> Description of the task
Pick each line containing "dans" out of the records.

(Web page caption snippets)

───

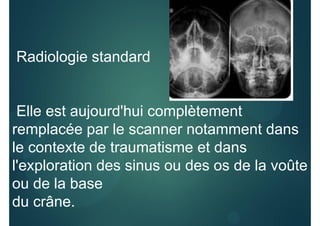 Radiologie standard
Elle est aujourd'hui complètement
remplacée par le scanner notamment dans
le contexte de traumatisme et dans
l'exploration des sinus ou des os de la voûte
ou de la base
du crâne.
 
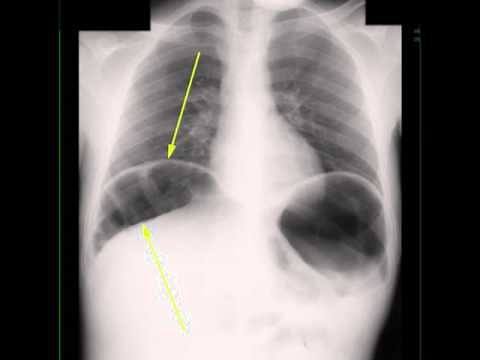 Interposition of colon under right Hemidiaphragm on X ray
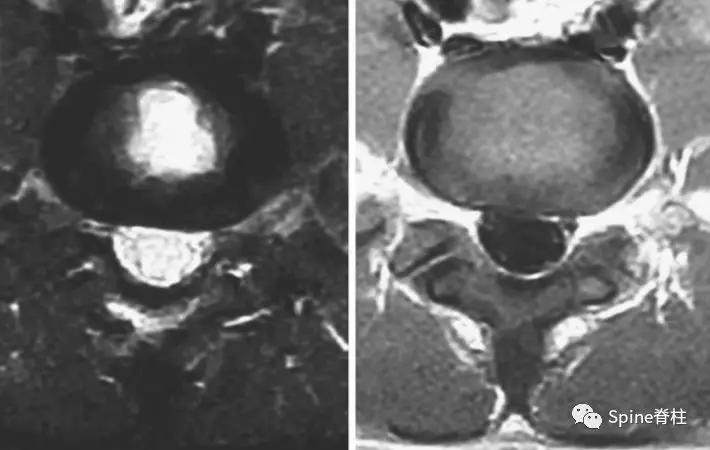 青少年一跑步就腰痛,青少年腰痛是什么原因引起的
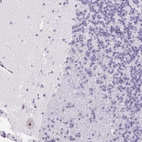 Anti-ST8SIA3 Antibody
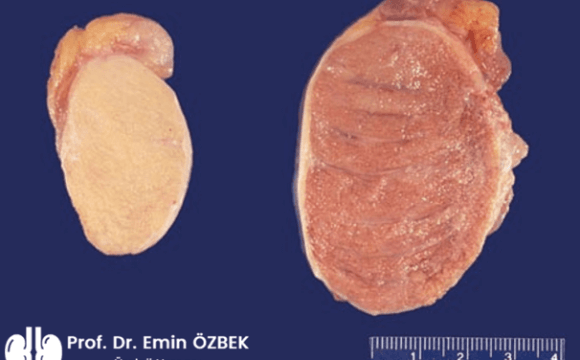 Testis Atrofisi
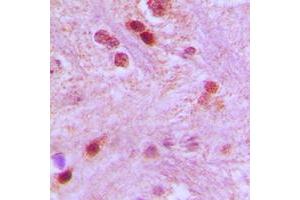 Immunohistochemical analysis of GTF3C3 staining in human brain formalin fixed paraffin embedded tissue section.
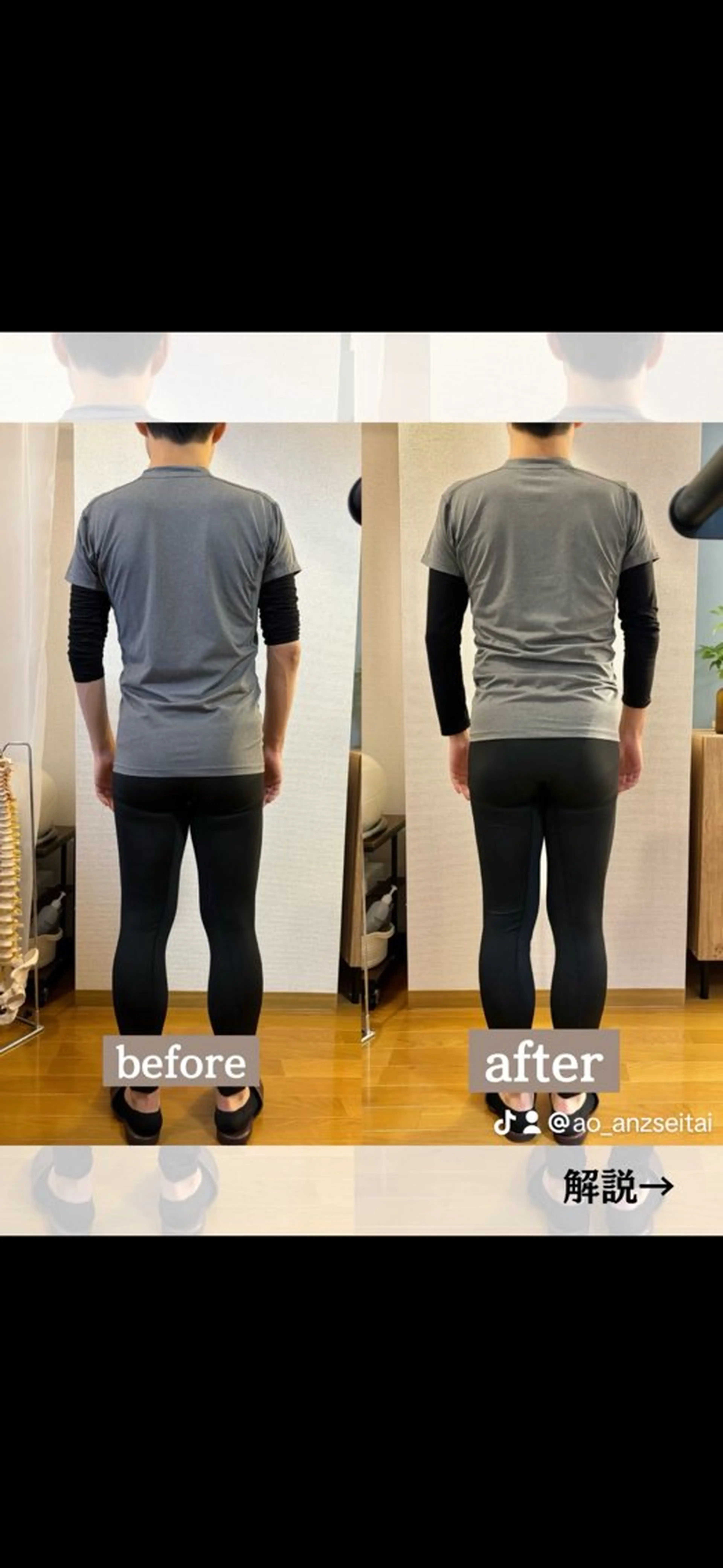 メンズ ANZ美容整体所属・美姿勢|痩身|目黒 ANZ-美容整体-のエステ・リラクイメージ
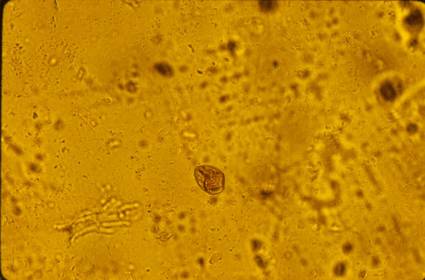 Protozoa Giardia Trophozoite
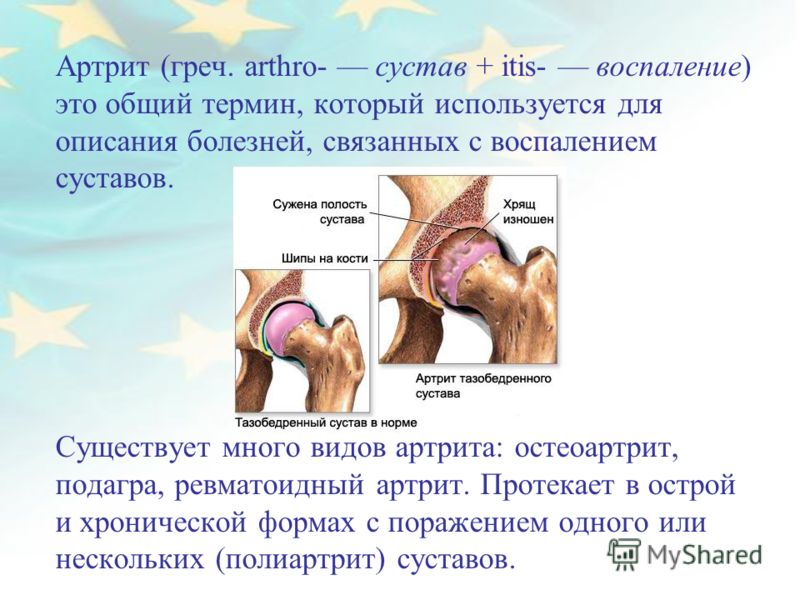 Презентация На Тему Ревматоидный Артрит Презентация На Тему Ревматоидный Артрит
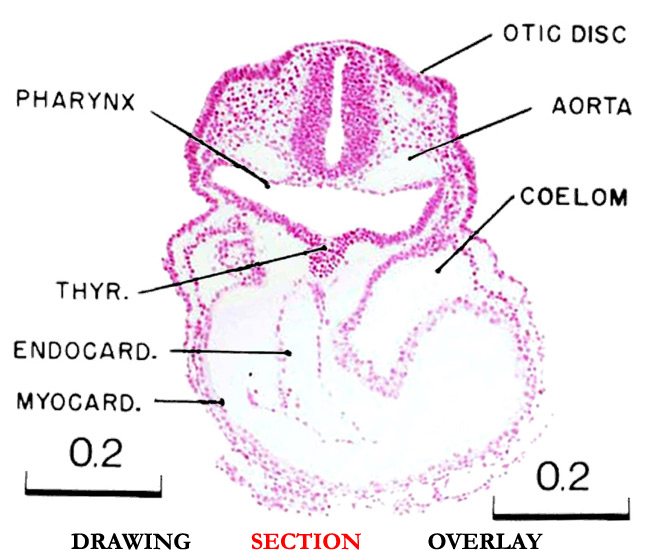 Slice A section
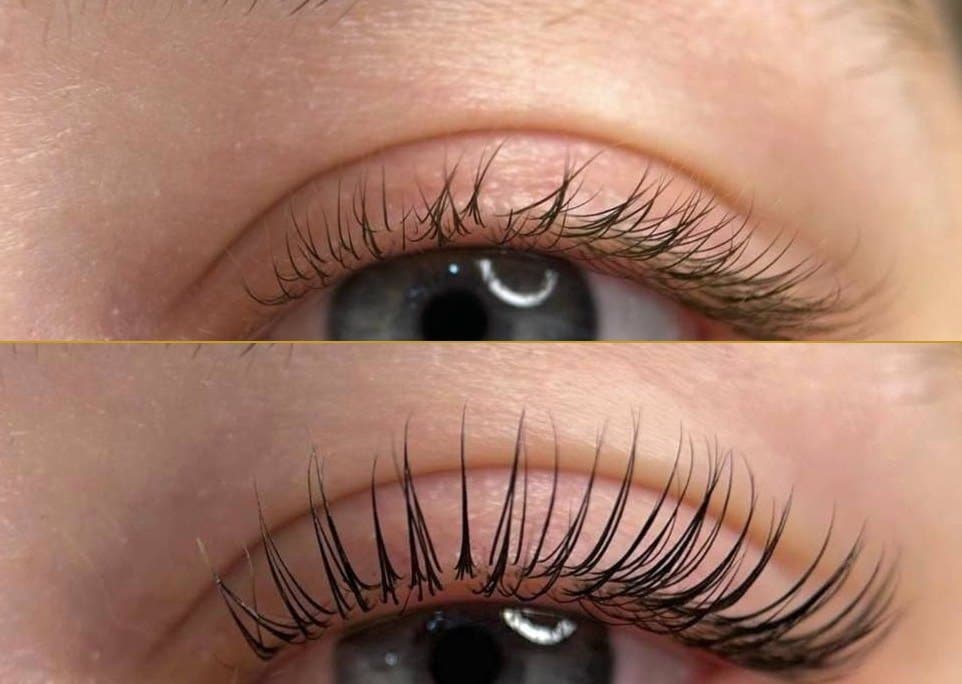 Kirpik Lifting öncesi ve sonrası – By Nur Rana Klinik, Karatay/Konya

───

> Response
remplacée par le scanner notamment dans
le contexte de traumatisme et dans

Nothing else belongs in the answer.